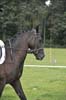 Huby_07-27_226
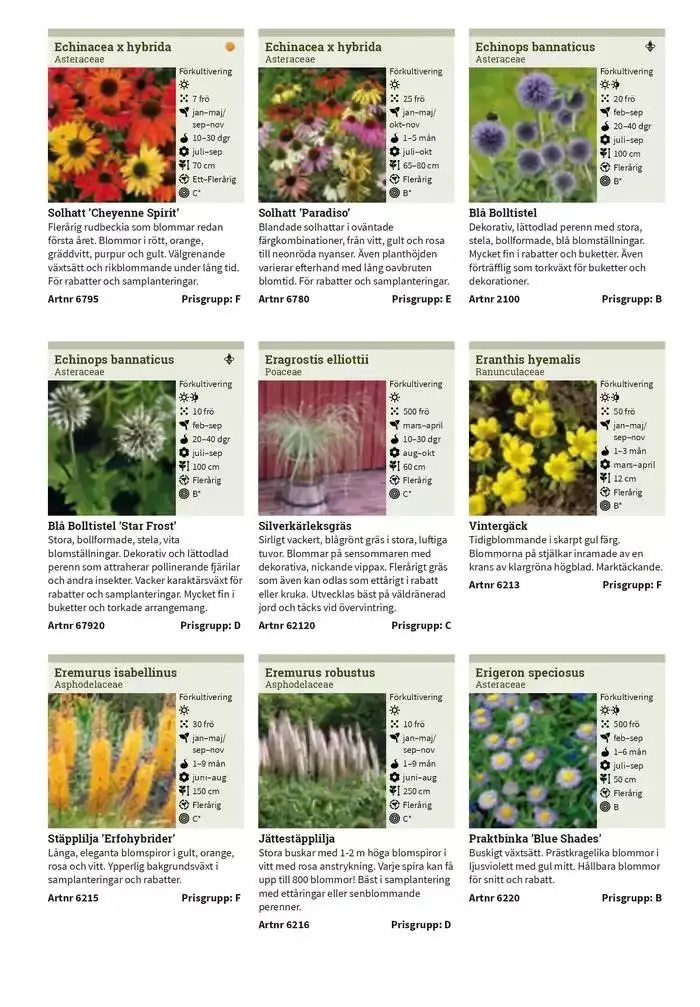 Frökatalog 2025! från 23 januari till 31 december 2025 - Reklamblad sidor 261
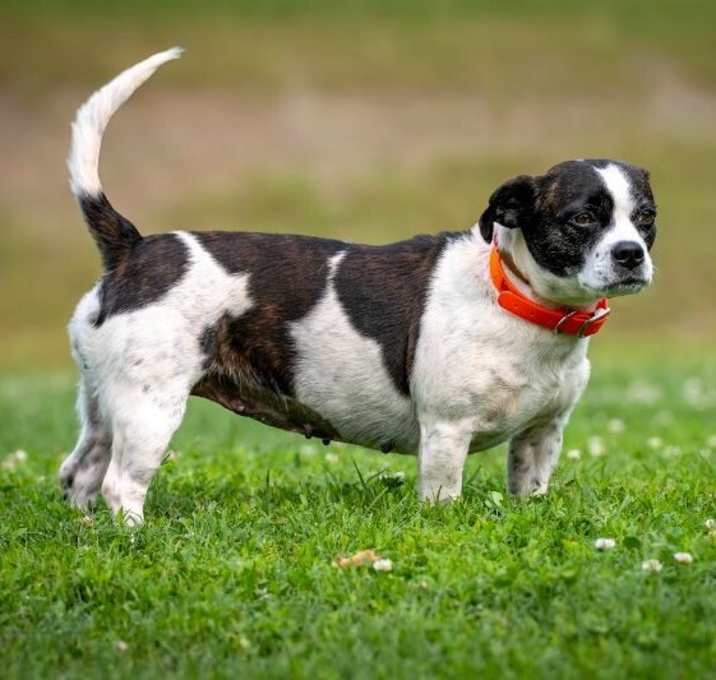 Photo of MIss Pups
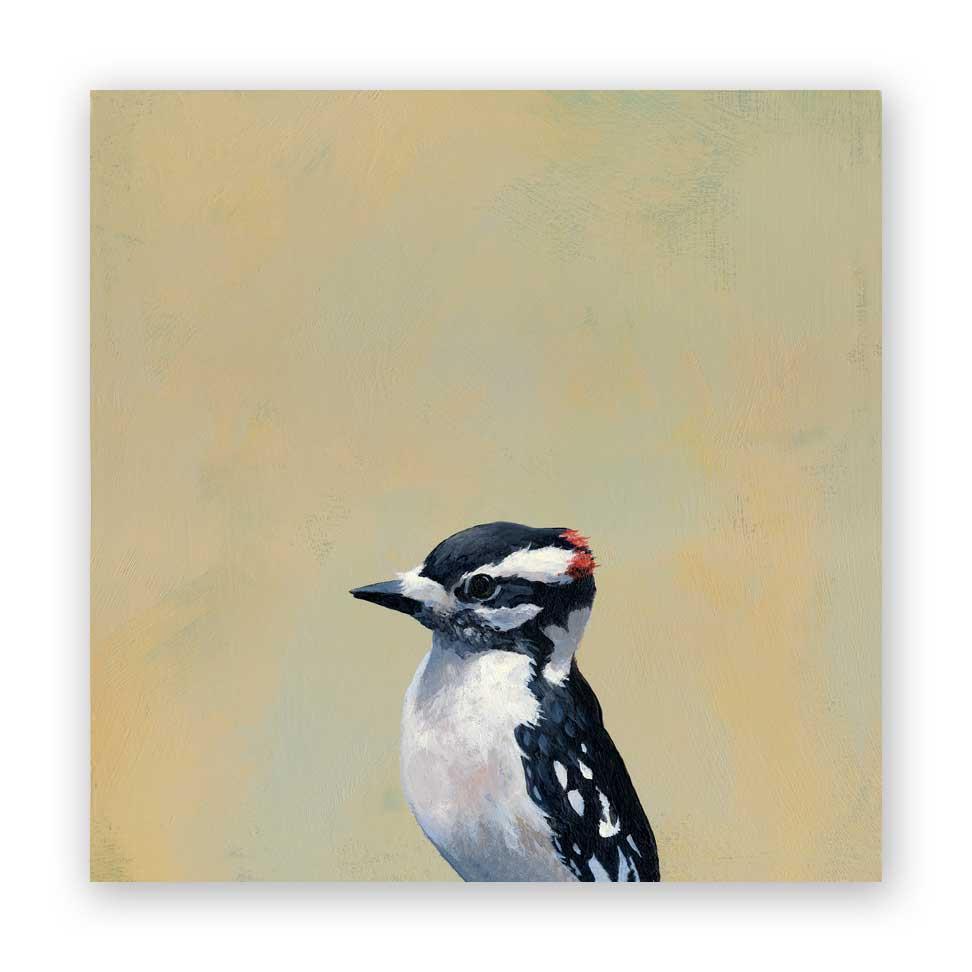 Downy Woodpecker on Birch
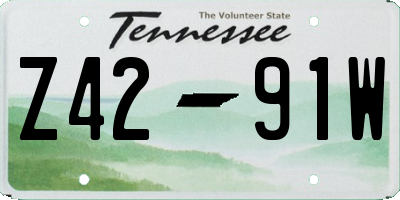 TN license plate Z4291W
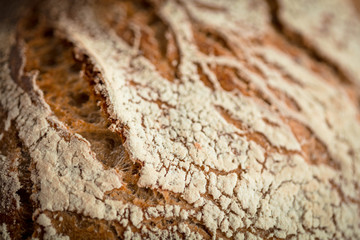 Artisan Bread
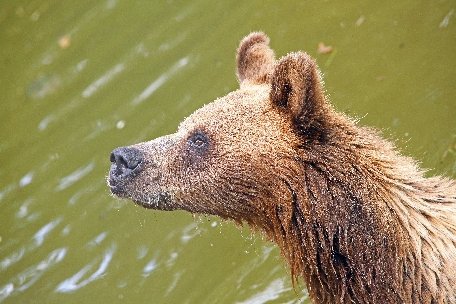 Update: Ursul care a atacat trei persoane în judeţul Dâmboviţa a fost omorât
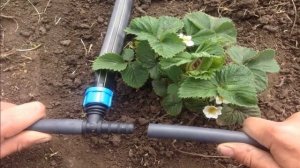 Капельный Полив Самотеком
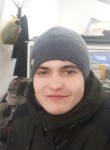 Дмитрий, 26 лет, Пересвет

* * *

# What the task requires
The required output is the lines from the one containing "Капельный Полив Самотеком" through the end of the data, printed exactly, with no pictures.

# Output for this exercise
 Капельный Полив Самотеком
 Дмитрий, 26 лет, Пересвет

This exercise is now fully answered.